WORK ITEM - An exact repeat is needed of the lines from the one with "Landkreiswanderung 2017" through the last line of the data below. Please omit the pictures.

INFORMATION SHOWN -
============
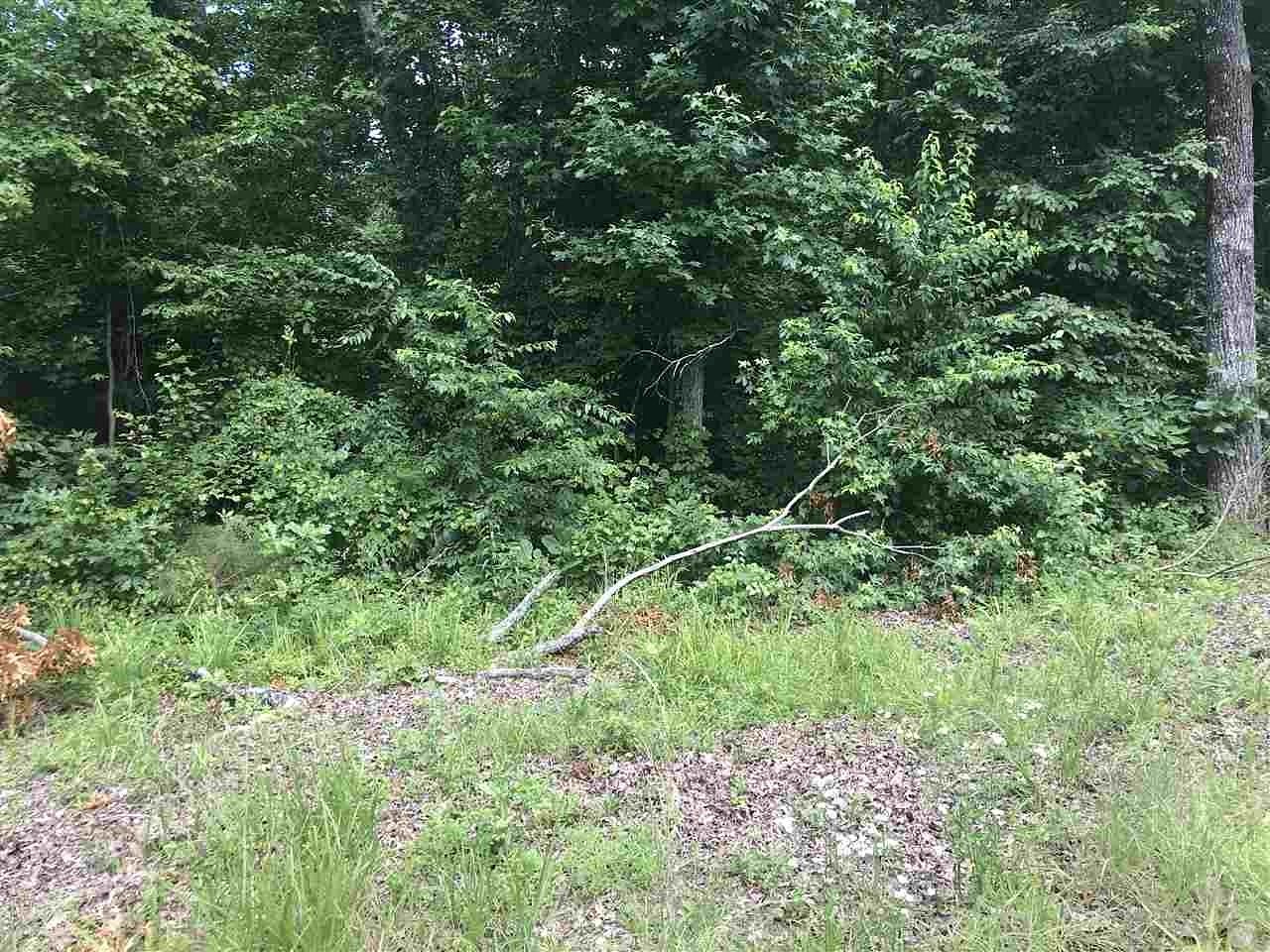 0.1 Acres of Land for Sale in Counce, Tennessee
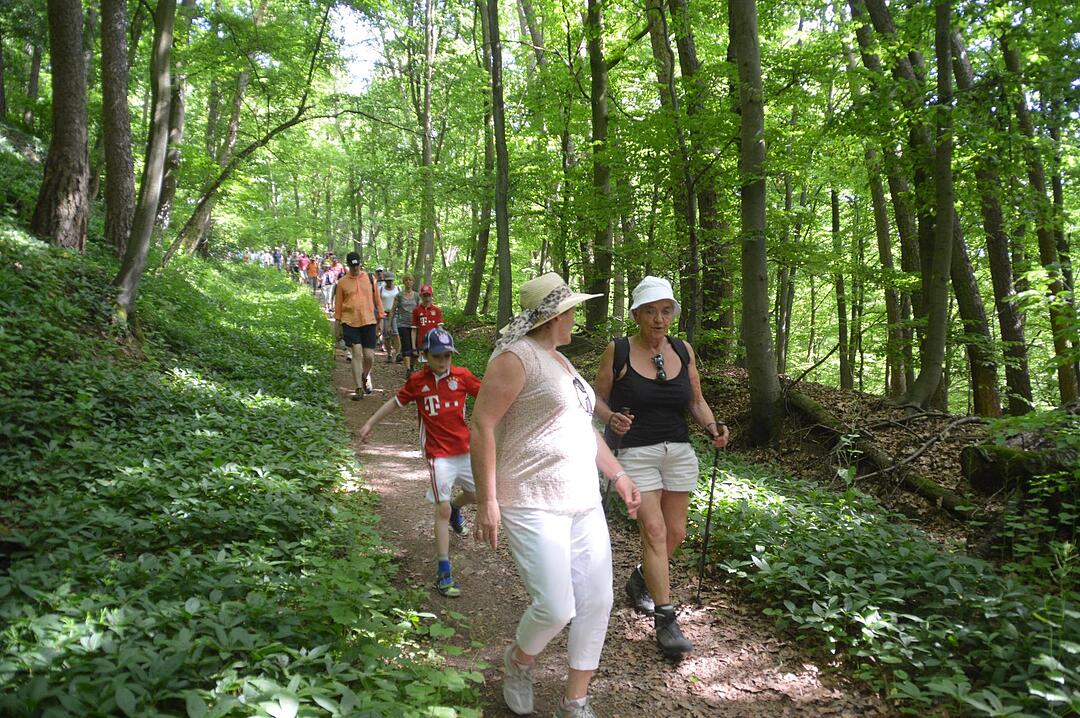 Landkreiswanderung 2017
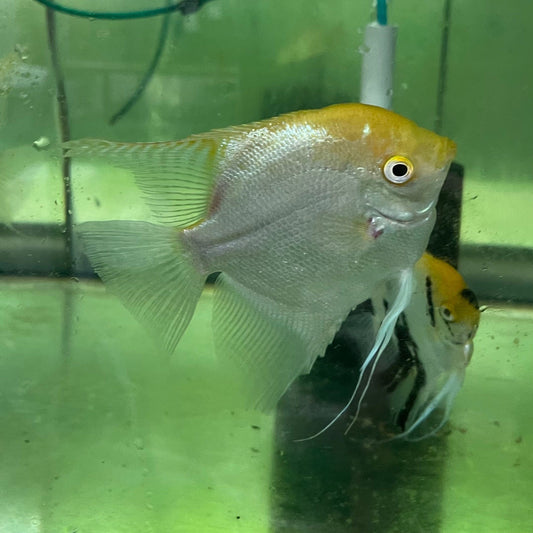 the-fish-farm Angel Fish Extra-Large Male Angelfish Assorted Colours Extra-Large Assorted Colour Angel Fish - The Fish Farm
============
WORKED SOLUTION -
 Landkreiswanderung 2017
 the-fish-farm Angel Fish Extra-Large Male Angelfish Assorted Colours Extra-Large Assorted Colour Angel Fish - The Fish Farm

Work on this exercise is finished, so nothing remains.